Le thème majeur est évidemment celui de la Contre-Réforme. Il apparaît avec force dans le chant intitulé "L'hérétique, combien pernicieux", qui commence par une déploration sur les malheurs du temps.

 

La fin du recueil comporte des Litanies de la Vierge et un Motet en latin pour l'Assomption composés à quatre voix dans le style du contrepoint fleuri. Les Rossignols spirituels représentent fidèlement le travail de reconquête des âmes entrepris au terme du Concile de Trente, tout particulièrement par l'intermédiaire des Jésuites : il s'agissait non seulement de lutter contre la Réforme - a fortiori dans une ville qui l'avait violemment embrassée - mais aussi de restaurer la foi et les pratiques de dévotion.
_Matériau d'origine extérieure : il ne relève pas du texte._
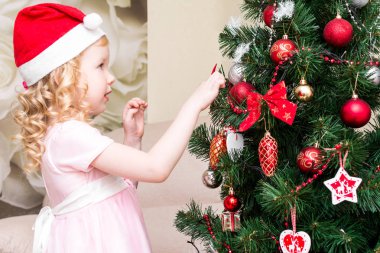 Kız pembe elbisesi ve kırmızı şapka Noel ağacı süsleme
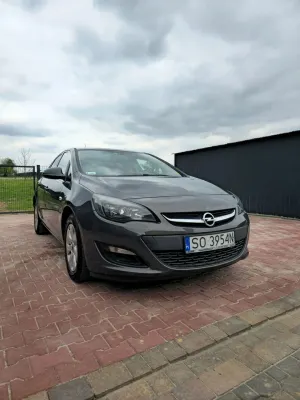 Opel Astra J 1.6 Enjoy EU6 2016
Le Père Marc apportait la contribution novatrice de ses méthodes actives renforcées par l'usage du chant en langue vulgaire.

 

Guillaume Marc avait confié la réalisation de la basse chantée des Rossignols à Peter Philips, organiste de la Chapelle Royale à Bruxelles. On y trouve l'oeuvre d'un harmoniste plus que d'un contrapuntiste, c'est à dire d'un moderne, rompu aux techniques de l'écriture verticale. Les mélodies se caractérisent par leur grande simplicité. Certains passages "ressentent leur Guédron" selon l'aveu de l'auteur qui ne craint pas de livrer, en ses pièces liminaires, sa recette qui n'est autre que la parodie. S'adressant à l'Abbé de Saint-Amand, Guillaume Marc conseille, pour enrichir la polyphonie à deux voix qui pourrait lui paraître insuffisante, de "former des trios, y pesle-meslant clavicordion". Liberté est donc donnée aux interprêtes d'ajouter une basse continue qui se déduit normalement de l'excellente basse écrite par Peter Philips.